Green Bay Packers tight end coach Ben McAdoo

Green Bay Packers tight end coach Ben McAdoo talks with Tom Crabtree before a game against the Tampa Bay Buccaneers at Lambeau Field. Credit: Handout, 2011

According to Pro Football Focus, Eli Manning threw for a total of 99 yards on screen passes in 2013. Ninety-nine yards. Not even the length of a football field in 16 games (well, 15 and a half since he left the finale with an ankle injury). It was one of the more frustrating aspects of the offense, that inability to make a relatively simple play function.

Ben McAdoo is going to change that. Or so he says. The Packers used the screen a lot and with success during his tenure in Green Bay, and the new Giants offensive coordinator said that it will become an important part of the Giants’ new scheme.
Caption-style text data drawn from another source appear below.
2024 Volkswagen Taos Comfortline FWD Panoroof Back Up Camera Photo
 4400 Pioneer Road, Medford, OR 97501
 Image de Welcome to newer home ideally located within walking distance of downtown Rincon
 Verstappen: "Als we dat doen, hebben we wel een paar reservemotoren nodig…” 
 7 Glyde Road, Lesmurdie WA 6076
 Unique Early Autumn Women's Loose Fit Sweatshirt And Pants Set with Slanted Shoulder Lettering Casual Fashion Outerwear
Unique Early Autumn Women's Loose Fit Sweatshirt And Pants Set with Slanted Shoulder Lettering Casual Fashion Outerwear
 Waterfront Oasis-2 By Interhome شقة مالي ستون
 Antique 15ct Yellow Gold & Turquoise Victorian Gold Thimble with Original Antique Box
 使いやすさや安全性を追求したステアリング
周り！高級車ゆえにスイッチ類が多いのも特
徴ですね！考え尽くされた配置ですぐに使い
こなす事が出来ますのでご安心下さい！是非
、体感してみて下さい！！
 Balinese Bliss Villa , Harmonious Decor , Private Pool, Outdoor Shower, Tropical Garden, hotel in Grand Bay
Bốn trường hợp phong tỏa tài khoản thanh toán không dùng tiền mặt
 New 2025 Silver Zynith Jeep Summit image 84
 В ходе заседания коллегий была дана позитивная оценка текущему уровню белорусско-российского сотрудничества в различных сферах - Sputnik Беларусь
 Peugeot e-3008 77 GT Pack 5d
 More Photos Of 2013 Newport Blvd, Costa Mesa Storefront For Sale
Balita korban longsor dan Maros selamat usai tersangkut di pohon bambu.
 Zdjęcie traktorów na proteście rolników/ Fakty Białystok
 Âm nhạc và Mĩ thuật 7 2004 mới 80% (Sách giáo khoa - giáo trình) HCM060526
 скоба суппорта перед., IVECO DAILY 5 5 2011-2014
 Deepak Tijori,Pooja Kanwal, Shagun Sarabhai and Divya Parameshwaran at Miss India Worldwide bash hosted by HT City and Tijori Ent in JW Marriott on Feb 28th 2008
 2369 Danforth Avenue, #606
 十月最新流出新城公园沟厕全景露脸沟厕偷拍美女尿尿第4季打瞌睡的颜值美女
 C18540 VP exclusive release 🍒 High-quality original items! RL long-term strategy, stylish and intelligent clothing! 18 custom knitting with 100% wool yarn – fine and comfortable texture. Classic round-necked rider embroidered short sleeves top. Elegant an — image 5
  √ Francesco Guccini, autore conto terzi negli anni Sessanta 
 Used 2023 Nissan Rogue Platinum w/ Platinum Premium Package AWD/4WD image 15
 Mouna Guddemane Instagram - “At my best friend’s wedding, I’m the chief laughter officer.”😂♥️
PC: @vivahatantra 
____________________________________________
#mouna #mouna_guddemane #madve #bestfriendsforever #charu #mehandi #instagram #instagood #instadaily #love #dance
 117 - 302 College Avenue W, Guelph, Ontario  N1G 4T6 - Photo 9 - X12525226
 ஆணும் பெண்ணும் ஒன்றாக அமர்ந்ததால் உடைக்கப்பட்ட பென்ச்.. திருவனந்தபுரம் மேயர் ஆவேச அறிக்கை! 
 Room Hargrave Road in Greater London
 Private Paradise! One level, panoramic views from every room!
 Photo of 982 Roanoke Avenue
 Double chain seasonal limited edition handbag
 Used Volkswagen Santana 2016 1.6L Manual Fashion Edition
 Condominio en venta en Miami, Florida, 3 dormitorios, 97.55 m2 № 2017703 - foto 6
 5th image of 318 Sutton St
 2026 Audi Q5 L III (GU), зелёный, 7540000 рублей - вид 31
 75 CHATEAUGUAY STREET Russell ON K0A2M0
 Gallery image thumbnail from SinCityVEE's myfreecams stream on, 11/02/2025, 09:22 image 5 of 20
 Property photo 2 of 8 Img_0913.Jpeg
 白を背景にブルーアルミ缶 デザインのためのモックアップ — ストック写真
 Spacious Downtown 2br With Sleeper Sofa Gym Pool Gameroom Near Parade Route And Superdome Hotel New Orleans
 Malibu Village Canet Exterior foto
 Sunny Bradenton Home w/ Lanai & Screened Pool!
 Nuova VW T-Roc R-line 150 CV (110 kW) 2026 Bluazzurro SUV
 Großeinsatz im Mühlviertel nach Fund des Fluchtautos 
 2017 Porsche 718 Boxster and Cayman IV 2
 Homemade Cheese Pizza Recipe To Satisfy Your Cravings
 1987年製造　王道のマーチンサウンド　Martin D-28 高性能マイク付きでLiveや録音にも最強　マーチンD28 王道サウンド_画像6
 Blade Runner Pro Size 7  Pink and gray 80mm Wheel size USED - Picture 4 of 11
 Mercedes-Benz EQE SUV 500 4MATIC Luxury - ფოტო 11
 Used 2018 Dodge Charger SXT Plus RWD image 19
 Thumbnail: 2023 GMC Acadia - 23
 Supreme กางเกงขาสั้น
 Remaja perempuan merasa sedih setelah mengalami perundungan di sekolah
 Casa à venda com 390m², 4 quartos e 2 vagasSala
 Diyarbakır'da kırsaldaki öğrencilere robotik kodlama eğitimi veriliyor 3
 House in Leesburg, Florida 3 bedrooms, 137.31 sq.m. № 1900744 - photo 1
“We’re definitely going to spend time in the screen game,” McAdoo said on a conference call on Thursday, his first encounter with the media since being named the team’s top offensive coach. “It’s something that will be a focal point in each install, we’ll have different plays and different types of screens whether they are sidewalk screens or hash screens or so forth and so on just like everybody else in the league. At the end of the day it comes down to fundamentals and guys getting enough repetitions to where they are productive.”

I don’t know what a sidewalk screen is, but I dig the jargon!

As far as having a running back who is capable of playing in that kind of offense – and who presumably will have to know the difference between sidewalks and hashes and so on – McAdoo said it’s most important for a running back to have one particular quality. And that, it turns out, is the same one the previous regime prized above all.

“First and foremost the runner needs to be able to protect the quarterback,” he said. “He also needs to be able to run with the ball in his hands and do that well. You’d like to have a complete back. It’s obviously ideal to have a guy who is functional out of the backfield catching the football, but at the end of the day I think you have to protect the quarterback or you’re going to have a hard time getting on the field.”